Mulanya saya benar-benar pesimis jika mengaitkan kota kecil saya dengan potensi sastrawannya. Pasalnya di kota saya tidak ada toko buku semacam Gramedia atau Toga Mas yang banyak teman-teman temui di kota-kota besar. Kedua, saya tidak menjumpai seseorang tengah terdiam membaca buku di tempat-tempat umum, entah itu alun-alun kota, atau warung kopi yang kian hari kian menjamur di kanan kiri jalan raya. Ketiga, orang-orang di sini kurang lebih mirip orang-orang di dalam novel Tempat Paling Sunyi, atau Tanah Surga Merah.
Namun ketika saya akhirnya lulus kuliah, dan masih tidak ke mana-mana saya benar-benar salah besar. Kota kecil saya ternyata memiliki karya sastra dan sastrawan yang barangkali tidak bisa dipandang sebelah mata. Mulanya saya bertemu dengan Persinggahan Bayang-bayang, buku kumpulan puisi Bambang Kempling. Saya tidak pernah bertemu dengan Pak Bambang bahkan saya sempat berpikir Pak Bambang sudah tidak ada dan hanya Pseudo-Fiksi, bahwa di kota kecil saya pernah ada seorang penyair. Namun beberapa bulan kemudian akhirnya saya bisa melihat Pak Bambang, saya tidak bisa berkata apa-apa. Saya hanya bisa melihatnya sambil mendengarkan ia berbicara dengan orang lain, tentang tombol on/off smartphonenya yang baru saja lepas dari tempatnya.

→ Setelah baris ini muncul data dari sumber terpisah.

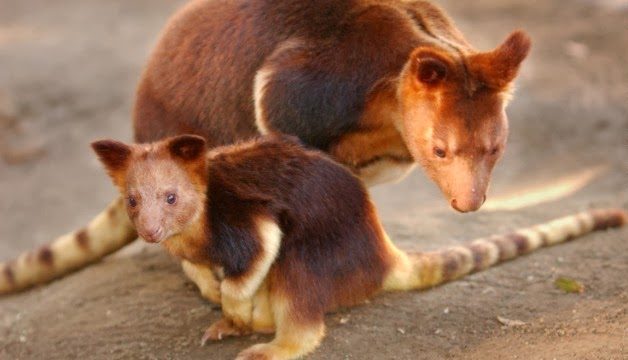 Lowlands Tree Kangaroo Dendrolagus spadix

Selanjutnya kabar yang benar-benar membuat saya kian mencintai kota saya adalah kabar tentang adanya toko buku kecil di suatu kecamatan yang dikelola oleh seorang yang benar-benar mencintai sastra. Ia juga mengelola suatu situs yang menghimpun tulisan-tulisan yang berkaitan dengan Sastra Indonesia. Dan sebenarnya toko buku itu pula yang telah menerbitkan buku kumpulan puisi Ngaceng, Mashuri ini. Tapi hingga hari ini (22/3) saya belum bisa berkunjung ke sana. Beberapa hari ke depan jika tuhan memberi kesempatan, saya akan berkunjung ke toko buku kecil itu untuk menemukan buku-buku menarik seperti Ngaceng, karya Pak Mashuri ini.
Nama Mashuri sendiri saya kenal saat membaca koran Kompas di tahun 2015, beberapa puisinya berhasil dimuat di sana. Saya membaca habis puisi-puisi itu. Namun saya lupa judul puisi-puisi itu. Tapi, secara keseluruhan puisi-puisi Mashuri menyenangkan untuk dibaca, hingga di ujung puisi, saya menemukan biodata penulis, saya menemukan kata Lamongan terselip di paragraf yang menjelaskan sekelumit tentang penulisnya. Entah berlebihan atau tidak saya benar-benar tercengang sekaligus senang ada orang Lamongan yang menulis puisi hingga berhasil dimuat Kompas.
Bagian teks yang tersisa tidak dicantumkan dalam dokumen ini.